The PGA Tour front office perennially makes tweaks to the its tournament schedule and the FedEx Cup Playoffs but more seismic shifts tend to start with the most invested stakeholders of them all: the players and the fans.
Last month, the PGA Tour unveiled plans to overhaul its ecosystem, which includes shrinking tournament field sizes, reducing the number of available tour cards and tightening pathways to membership from the Korn Ferry Tour to Monday qualifying.
Beginning in 2026, only 100 players will retain fully exempt status through the FedEx Cup points list, down from 125 (the case since 1983), with those finishing in the 100-110 range receiving conditional status and the opportunity for roughly 15 full-field starts. Additionally, the number of Tour cards awarded to Korn Ferry Tour graduates will shrink from 30 to 20, and field sizes for many events, including marquee tournaments like The Players Championship, will be slimmed down with at least a dozen fewer players in the field.

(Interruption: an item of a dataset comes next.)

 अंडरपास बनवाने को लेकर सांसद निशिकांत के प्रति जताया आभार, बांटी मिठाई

These far-reaching changes, proposed by the PGA Tour’s Player Advisory Council, were approved by the Policy Board ushering in a new epoch of professional golf. The influence wielded by the tour’s councils is not merely symbolic—they have proven integral in shaping the future of the sport.
“It was unanimous across the board what we need to do to present a better product and something better for our fans, for our events, our sponsors. Redefining what a tour pro is, streamlining that,” Tiger Woods said, during a press conference in the Bahamas at the Hero World Challenge.

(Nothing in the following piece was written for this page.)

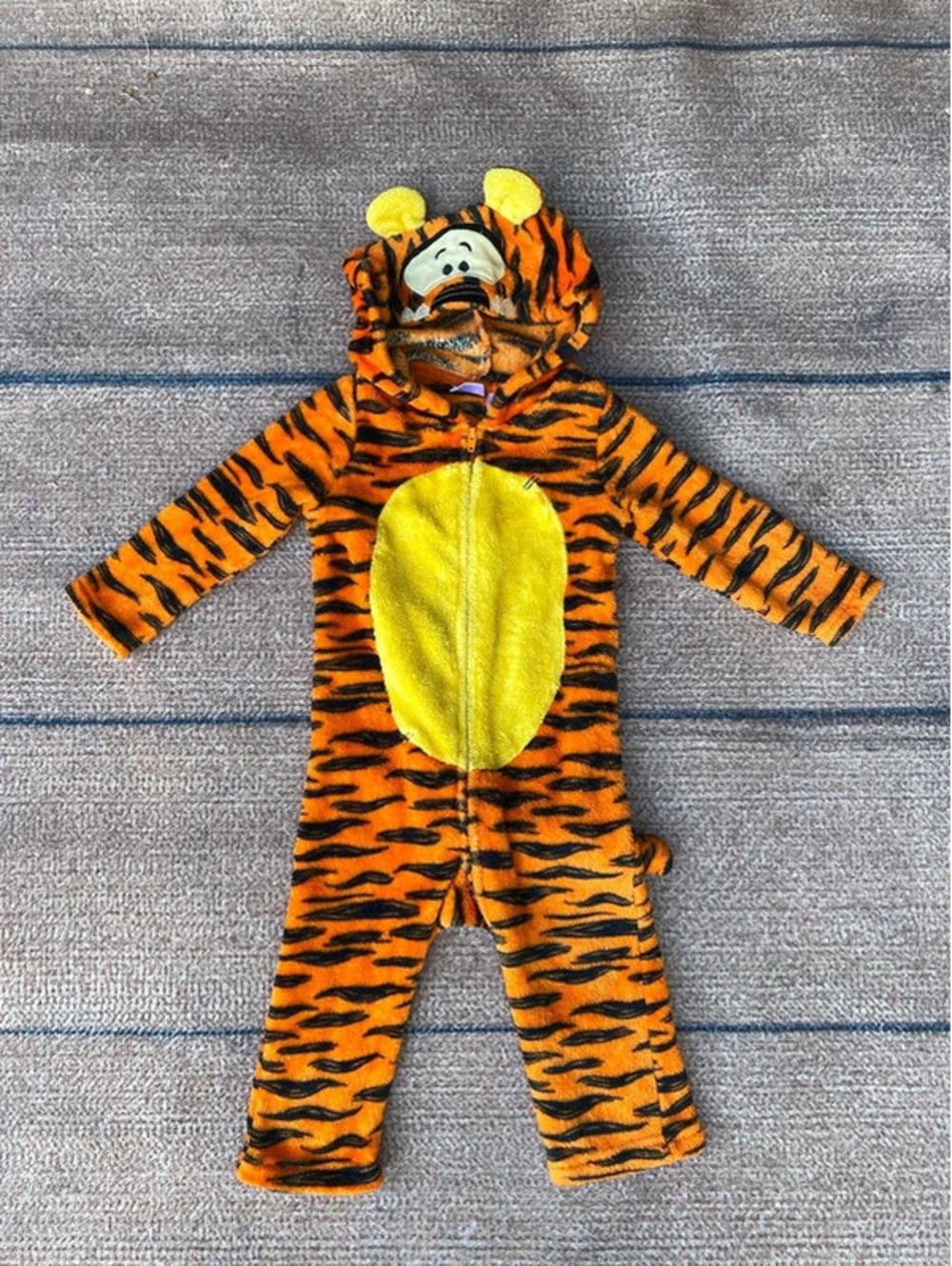 Tigger pajama Halloween costume Disney store 18 months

Today, the PGA Tour announced the formation of a brand new advisory group. The Creator Council consisting of popular content producers such as Wesley and George Bryan, Roger Steele, Erik Anders Lang and Paige Spiranac, all of whom teed it up at the Creator Classic sponsored by Blackstone (the outdoor griddle brand) back in August. Sixteen social media personalities played the back nine at East Lake Golf Club ahead of the Tour Championship in an event that aired live on the Golf Channel, ESPN+, Peacock and YouTube with Pro Shop Studios partnering with PGA Tour Entertainment to handle on-ground and broadcast production. The event’s YouTube view count alone surpassed 2.5 million, with an additional 2.8 million views coming from the participants’ individual YouTube channels.
The plan is to create a forum that brings a substantive set of voices together to discuss how to reach the next generation of fans and make it easier for content creators to work with the PGA Tour. Led by Andy Weitz, the PGA Tour’s chief marketing and communications officer, this Generation Z attuned think tank will convene monthly to strategize on future editions of the Creator Classic and also tackle broader topics including fan engagement strategies, collaborative content opportunities, PGA Tour media regulations and event/broadcast enhancements.
The announcement of the Creator Council is likely to elicit its share of skepticism and even snark from the golf social media community, questioning what the Tour truly aims to achieve by convening this group of influencers. Yet, the Tour appears undeterred, embracing potential critiques as part of its effort to evolve and better serve its audience.
“It all starts with fans, and we are willing to absorb some of that skepticism and engage people who might have a point of view that will make us better if it serves our fans,” Weitz said.
There’s a direct thread between the PGA Tour Fan Forward initiative, a comprehensive research project the tour initiated this past summer that is still ongoing and the Creator Council’s efforts to engage with fans. The Tour reached out to 15,000 core fans in June and July to get a read on all aspects of fandom, how they felt about the tour and what drove their behavior, with a goal of evolving to meet them on their terms to buoy their engagement. Phase two widened the focus and sample size with 30,000 more casual fans responding to a survey. Phase three, launched before Thanksgiving, tests tactics around competition format changes, broadcast innovation, how to produce more compelling player content and expectations around the tournament experience and onsite activations to enhance the product. It’s still early in the process but the goal is to take that feedback into account and evolve accordingly.
“We’re still at the very beginning of our fan forward initiative, processing what we are hearing but it is clear to us that they have ideas about how the actual competition format itself can evolve and there is a lot of learnings we can take from other sports on that front,” Weitz revealed, adding that core fans also have suggestions for improving the television viewing experience, which they intend to explore with their broadcast partners.